This paper reviews the state of the art in Software Reliability Engineering (SRE), and adapts these methods for use in Service Oriented Architecture (SOA). While some prior work has been done on using SRE for SOA, it is incomplete in terms of whole of development life cycle methodology. We outline how existing complete methodologies would translate to SOA and provide a surprisingly simple way of applying these methods to certify the use of legacy software in SOAs. This paper provides a proof of concept but further work needs to be done to elaborate these methodologies for application in SOA.

Executive Summary

This report looks at how Service Oriented Architecture (SOA) based systems differ from other types of Defence software systems and discusses the important issue of Software Reliability Engineering (SRE) for SOAs

SRE is needed to be able to procure and predictably deliver Defence software systems based on SOA that can be guaranteed to operate successfully (within specifications). This is necessary to ensure they can be relied on in battle.

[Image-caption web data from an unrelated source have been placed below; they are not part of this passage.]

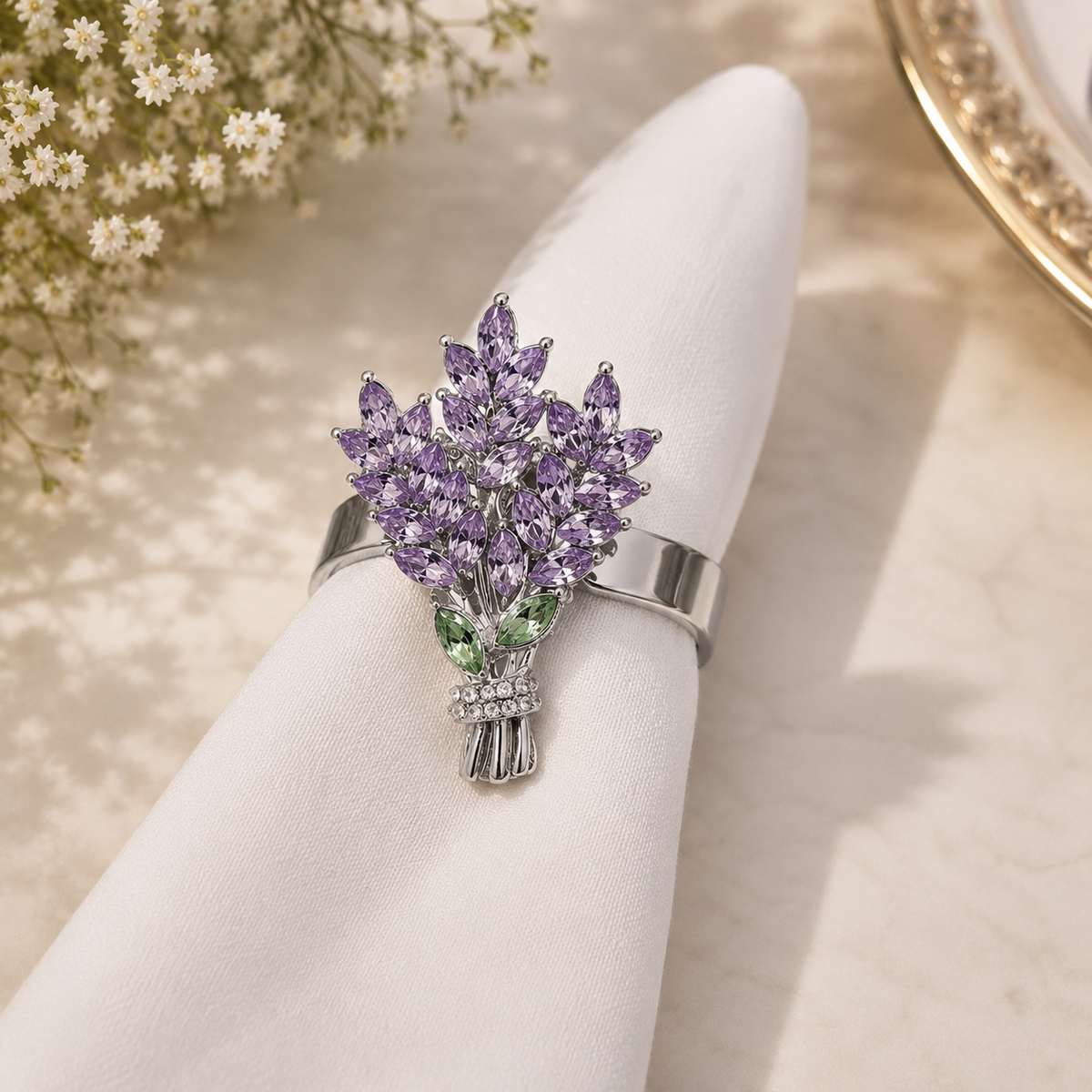 Lavender Bloom Napkin Ring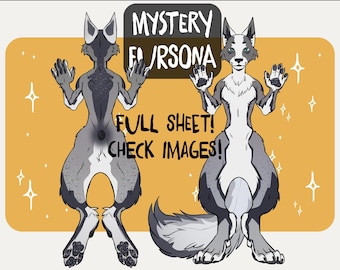 Może przedstawiać: Cyfrowa ilustracja szarej i białej wilkopodobnej fursony. Fursona jest pokazana z przodu i z tyłu, z uniesionymi łapami w geście powitania. Tekst "MYSTERY FURSONA" jest napisany w czarnym polu nad fursoną. Tekst "FULL SHEET! CHECK IMAGES!" jest napisany pod fursoną.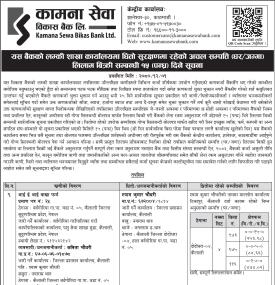 ऋणीको धितोमा रहेको घर जग्गा लिलाम बिक्री गर्दै कामना सेवा विकास बैंक -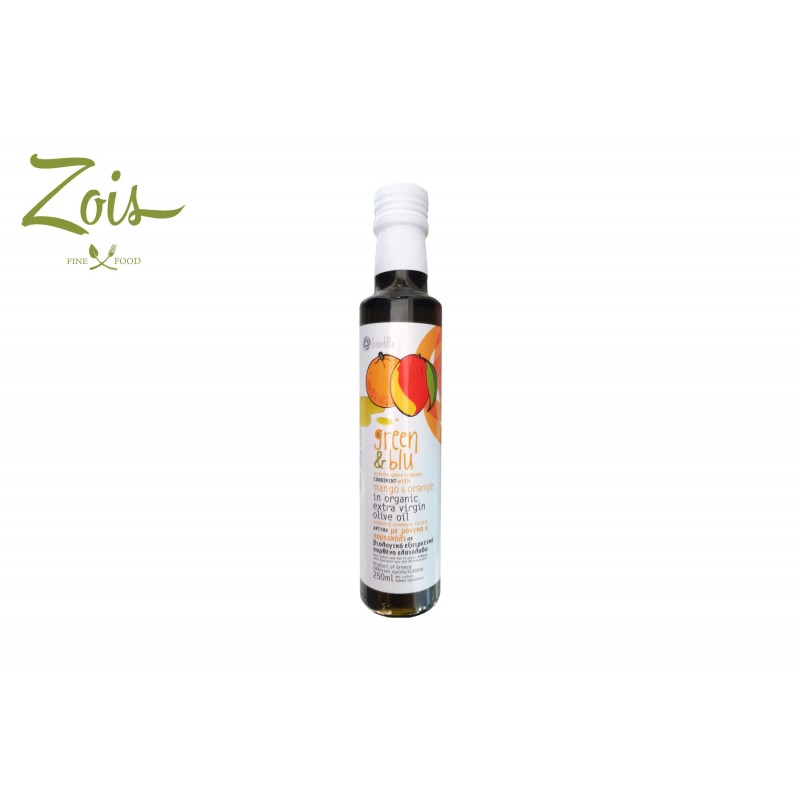GREEN&BLU CONDIMENT EXTRA VIRGIN OLIVE OIL WITH MANGO AND ORANGE IN ORGANIC EVOO 250ML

The report examines the current state of the art in Software Reliability Engineering and shows how aspects of existing work can be applied in the SOA context.

In particular it shows how to use SRE to certify:

  • The core SOA infrastructure,
  • Services composed from other services
  • Applications, and
  • Importantly, how to certify legacy systems for incorporation into SOA applications, SOA systems or systems of SOA systems.

The report provides several recommendations for enabling SRE for SOA in Defence and also shows how Reliability Certification provides a clear and transparent method for acceptance or rejection of software deliverables by the Australian Defence Force.

Key recommendations of the report are:

Defence adopt automated testing for SOA based on black box specifications and usage models allowing for automatic test oracles and automated testing of new software components, software compositions and applications. Governance should ensure that such specifications and usage models are recorded for each entity in the software hierarchy. Such techniques have driven a ten fold reduction in the measured incidence of software defects for the US DoD.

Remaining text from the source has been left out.